How do you like your combat?

Psionicist

Explorer
I'd like to know how you prefer your combat in RPG's, D&D in particular. Do you like epic battles between good and evil, where the party almost always has the advantage and can do cool moves? Do you prefer a grittier, gorier fight with lots of death? How about a realistic combat from a historical standpoint? Or a free-for-all kind where the DM and players can do pretty much everything? What about some kind of S&M-inspired combat with lots of humiliation (:D)? Or a standard D&D-combat, as in the documentaries? How about a super realistic approach with fatal injuries? Do you enjoy using lots of rules as support or do you see the rulesbooks as a menace to your creative mind? Do you like to use miniatures during combat, or perhaps whiteboards? Or your imagination alone? (I can go on for a while, but I think you know where this is heading).

Please describe your groups combat style (or your own preferred way, if they differ). Thanks!
 

log in or register to remove this ad

We use a mat and minis, though I'm not the biggest fan of them. I perfer gaming without minis especially with our set up (its not convient for me to draw the map, arrange minis along with the other things I'm doing as DM). I like a variety of battles so we will have big and small, a nice mix. I like to have a more detail as long as we use mini to give the players a chance to use the enviroment if they can. Or if tyhey don't I'll show them how by using it against them with the bad guys. I ldon't get to realistic with my combat since I'm not that familar with real combat, and I'm okay with that.
 

I like my combat fast with plenty of options and very little handling time

Unfortunately D&D doesn't really support this -- there are enough options but it isn't really fast

:(
 

I like more open free-wheeling combat. If we can get through a combat round in less than 15 minutes, we're lucky though... at higher levels, there are just so many options, that it makes it difficult to execute a quick combat round.
 

I don't mind when combat slows to a crawl. Gives me time to think about cool or useful or exciting things to do when my turn rolls around.

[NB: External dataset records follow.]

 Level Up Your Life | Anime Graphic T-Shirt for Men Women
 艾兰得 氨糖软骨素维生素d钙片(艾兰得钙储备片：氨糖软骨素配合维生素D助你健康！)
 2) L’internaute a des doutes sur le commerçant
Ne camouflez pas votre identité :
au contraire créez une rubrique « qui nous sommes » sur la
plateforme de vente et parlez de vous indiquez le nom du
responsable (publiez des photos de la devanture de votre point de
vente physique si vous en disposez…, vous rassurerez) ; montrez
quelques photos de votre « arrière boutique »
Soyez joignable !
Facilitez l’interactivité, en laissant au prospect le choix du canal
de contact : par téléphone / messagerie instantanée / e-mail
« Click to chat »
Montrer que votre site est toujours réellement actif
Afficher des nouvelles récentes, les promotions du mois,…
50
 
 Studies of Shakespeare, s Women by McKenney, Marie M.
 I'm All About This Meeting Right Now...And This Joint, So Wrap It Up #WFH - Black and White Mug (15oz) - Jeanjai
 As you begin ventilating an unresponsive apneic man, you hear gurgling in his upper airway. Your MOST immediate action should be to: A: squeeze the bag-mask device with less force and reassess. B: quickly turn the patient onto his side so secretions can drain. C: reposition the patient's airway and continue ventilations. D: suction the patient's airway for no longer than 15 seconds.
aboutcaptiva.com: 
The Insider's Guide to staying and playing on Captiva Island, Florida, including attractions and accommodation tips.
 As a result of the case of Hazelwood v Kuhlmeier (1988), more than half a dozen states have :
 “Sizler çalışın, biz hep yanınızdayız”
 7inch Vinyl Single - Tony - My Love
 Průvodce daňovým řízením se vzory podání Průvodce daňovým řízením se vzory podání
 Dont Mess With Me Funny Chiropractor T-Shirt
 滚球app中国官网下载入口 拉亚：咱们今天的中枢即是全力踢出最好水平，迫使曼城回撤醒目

I do mind when there's nothing interesting I can do when my turn rolls around.
 

I like pitched battles that are gritty, brutal, and cinematic. Equally skilled opponents creates tension, gritty reminds the players that everyone is mortal and keeps things from becoming too black-and-white or too much like a cartoon, brutal keeps the battles dramatic, and cinematic provides the cool window-dressing that helps everyone to imagine the scene.

We use minis and a battlemat, with wet-erase markers for laying out terrain. I personally like to have a lot of options when I'm a player, but there are some people who definitely need fewer options. Players should know what they're going to do by the time their turn rolls around.
 

Schmoe said:
gritty, brutal, and cinematic

I couldn't have said it better myself. That's actually a great tagline for my Grim Tales ruleset. ;)

I also like combat in which "any punk with a gun" is threat, regardless of the levels of the combatants.
 


Ace said:
I like my combat fast with plenty of options and very little handling time

Unfortunately D&D doesn't really support this -- there are enough options but it isn't really fast

:(
This is why I run my two current campaigns in Neverwinter Nights (as opposed to a chat client like OpenRPG). I've gotten addicted to having an engine do all the math for me, and being able to run a combat in 2 minutes instead of 2 hours. Lets me focus on the RP (which is odd, I never would have expected a computer game to have more RP than a tabletop one, but that's how it's worked out for the last three years for me).
 

Schmoe said:
I like pitched battles that are gritty, brutal, and cinematic. Equally skilled opponents creates tension, gritty reminds the players that everyone is mortal and keeps things from becoming too black-and-white or too much like a cartoon, brutal keeps the battles dramatic, and cinematic provides the cool window-dressing that helps everyone to imagine the scene.

We use minis and a battlemat, with wet-erase markers for laying out terrain. I personally like to have a lot of options when I'm a player, but there are some people who definitely need fewer options. Players should know what they're going to do by the time their turn rolls around.

Oh man is that ever true. I am so sick of players who dither for several minutes, and then finally come up with, "I hit him with my lumpy metal thing."

I've literally had Players who take more than 5 minutes to take a turn with a 3rd level fighter. Sorted this out in my game by installing a shot clock. If you can't state your action in 40 seconds, you get to sit out the round. Considering each player gets 40 seconds plus the time it takes me to do the bad guy's attacks, that's MORE than enough time.

Surprisingly, it worked and I now run combats extremely quickly. In todays game, with five PC's and a fiendish rat swarm, combat took less than 6 minutes. I was very impressed.